Although we tend to use the terms "representative democracy" and "democracy" as synonyms, Michael Mezey maintains that they are not. Democracy means that the people govern; representative democracy means that the people elect others to govern for them. This raises the question of the extent to which representative government approximates democracy-a question that turns on the relationship between representatives and those whom they represent.

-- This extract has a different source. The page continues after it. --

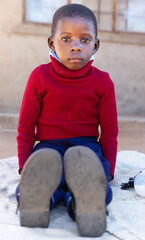 Africa village, african child sited on a blanked on the ground outdoors in the yard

Mezey reviews the literature on the meaning of representation and its relationship to issues of citizen control. In the empirical sections that follow, he draws on data from the United States Congress and from legislatures outside the United States to discuss the extent to which the composition of a legislature reflects the demography of its nation. The author also examines a legislature's various political and economic interests and the extent to which representatives are responsive to specific requests for assistance from their constituents and to constituent opinions on public policy questions. He further looks at the effect that interest groups, political parties, and election systems have on the relationship between representatives and their constituents. Finally, Mezey addresses the criticisms that have been leveled against representative institutions: that they are slow to act, inefficient and uninformed when they do act, that they are too inclined to do what is popular rather than what is necessary and, conversely, that their members are too removed from the opinions of their constituents and therefore unfaithful to their democratic obligation to respond to the wishes of those whom they represent.
Rich in thoughtful analysis, Representative Democracy incorporates normative, empirical and comparative perspectives on representation. It is perfectly suited for use in an upper-level course on the legislative process or Congress.